- The Washington Times - Friday, December 15, 2006

Upbeat ‘80s music plays over the loudspeakers at the Rockville location of Tower Records, but they might as well be playing funeral hymns.

Things are looking bleak at the 46-year-old music retailer.

College students in sweatpants and middle-aged shoppers carry big stacks of CDs in their arms as they pass a sign that says, “If you don’t buy it now, it may not be here tomorrow.”

After 20 years on Rockville Pike, Tower Records in Rockville is closing Friday.

Everything in the store is being sold, the racks are nearly empty, and entire sections are cordoned off with yellow caution tape.

Even the fixtures are for sale. The large blue CD racks are going for $35 and the CD listening stations are being sold for $250.

When Max, an employee there, heard the location was closing, he thought it was about time.

“Honestly, I won’t really mind if it’s gone. The Internet is much better, whether you download music or buy CDs from Amazon.com,” he said. Max didn’t want to give his full name.

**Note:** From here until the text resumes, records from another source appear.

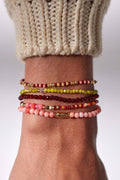 Tan Line Bracelet - Deep Burgundy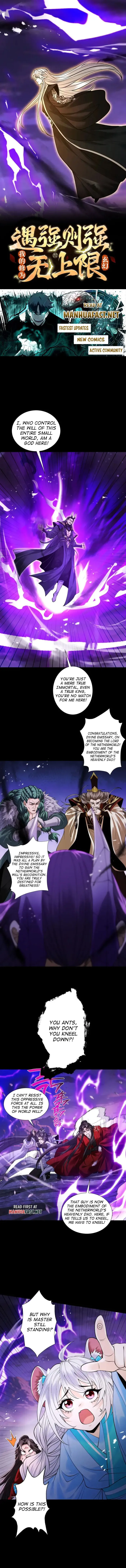 Limitless Ascension: Strength Amid Adversity Chapter 95 35 1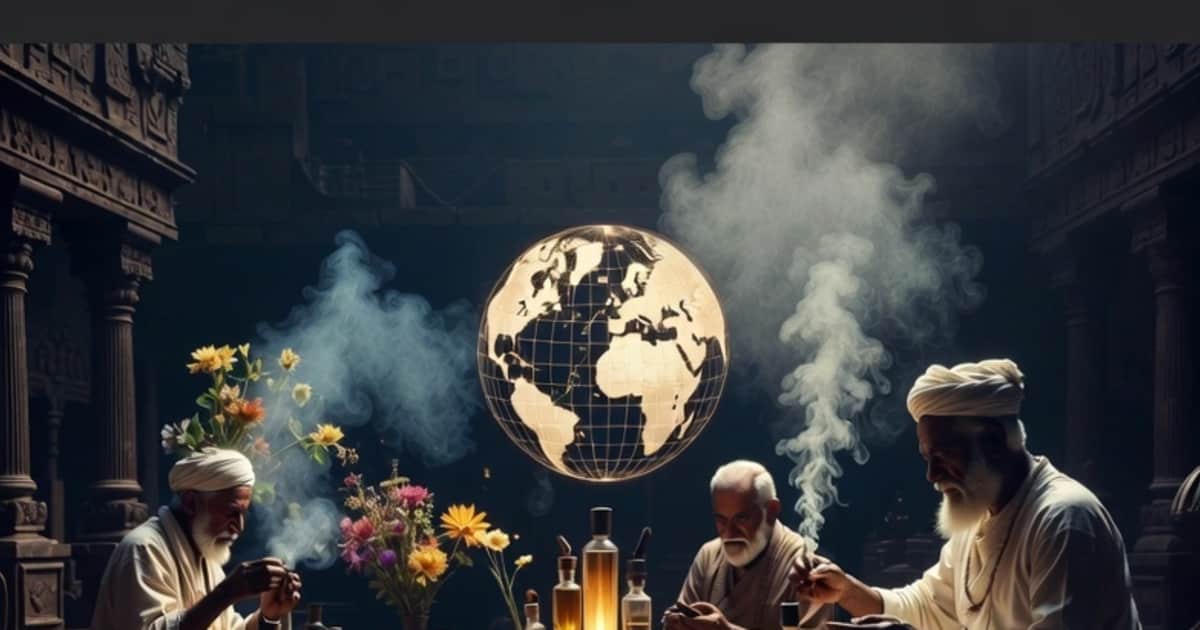 India's Artisanal Perfumers Navigate Global Shift in Scent Preferences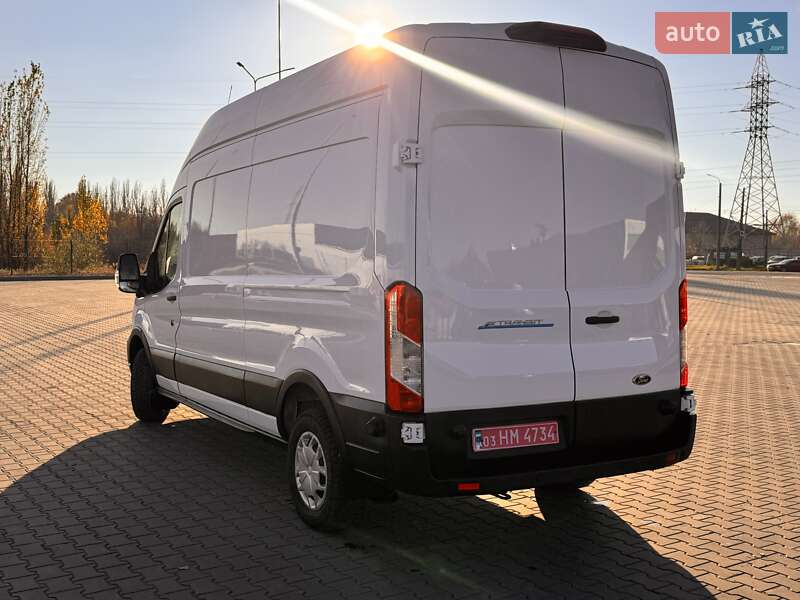 Грузовой фургон Ford E-Transit 2023 в Луцке фото 23 Грузовой фургон Ford E-Transit 2023 в Луцке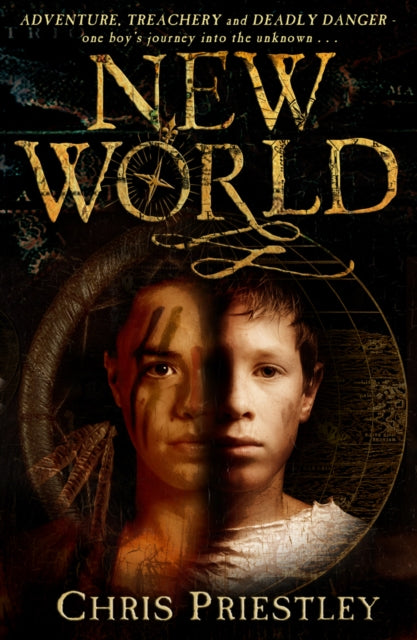 Book cover of: New World. By: Chris Priestley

He was hired about a month ago and was told that he would be helping to close down the store.

MTS Inc., the parent company of Tower Records, filed for bankruptcy protection in August 2004 and again in August 2006.

Two months later, the Great American Group, a corporate liquidation firm in Woodland Hills, Calif., bought the chain for an estimated $134 million at auction.

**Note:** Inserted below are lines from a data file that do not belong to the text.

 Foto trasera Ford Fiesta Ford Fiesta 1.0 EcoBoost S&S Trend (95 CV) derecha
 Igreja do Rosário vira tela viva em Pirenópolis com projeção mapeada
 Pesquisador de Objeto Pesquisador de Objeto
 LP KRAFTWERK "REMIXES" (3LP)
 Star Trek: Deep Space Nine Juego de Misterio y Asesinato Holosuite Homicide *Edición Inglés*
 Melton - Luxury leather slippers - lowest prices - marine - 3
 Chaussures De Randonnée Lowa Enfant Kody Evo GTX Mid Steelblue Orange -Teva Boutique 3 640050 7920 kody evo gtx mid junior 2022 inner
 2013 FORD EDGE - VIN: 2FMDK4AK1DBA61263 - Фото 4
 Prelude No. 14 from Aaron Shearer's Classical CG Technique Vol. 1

The next day, the company announced the liquidation of all Tower Records’ assets by the end of the year.

“I started coming here when I heard it was closing,” said Tzaldi Andoque, a young shopper in the DVD isle. “I don’t usually buy CDs. I get most of my music from ITunes because its more convenient.”

Tower Records has faced significant competition from online music download sites such as ITunes.com and online retailers such as Amazon.com.

“I would only go to a CD shop if I wanted to buy a present for a friend that didn’t have an ITunes account,” she said.

Still, others lament the loss of the music institution.

Phil Stevens, a computer programmer from Fairfax, says he’s going to miss his favorite CD shop.

“I liked Tower because they had some of the biggest varieties of music out there,” he said. “They had CDs that I couldn’t find anywhere else except for really niche music stores or Web sites.”

Mr. Stevens is a dedicated compact disk consumer, and says he is proud that he doesn’t own an IPod.

“I hate MP3s. The quality of sound is important to me when I listen to music, and MP3s don’t have the kind of quality I desire.”

MP3s are digital audio files that are commonly used by consumers who download and share digital music.

“I guess digital music is the wave of the future,” Mr. Stevens said. “People don’t care that they are not buying something tangible, like a CD.”

Mr. Stevens admitted, though, that he had problems with Tower.

“I will admit that their prices were kind of high. In the ‘90s I used to come here every two months and spend $100 on CDs. But when their prices started going from $15 to $26, that’s when I started cutting back on CDs.

“The liquidation of Tower Records is just another shovel of dirt on the grave.”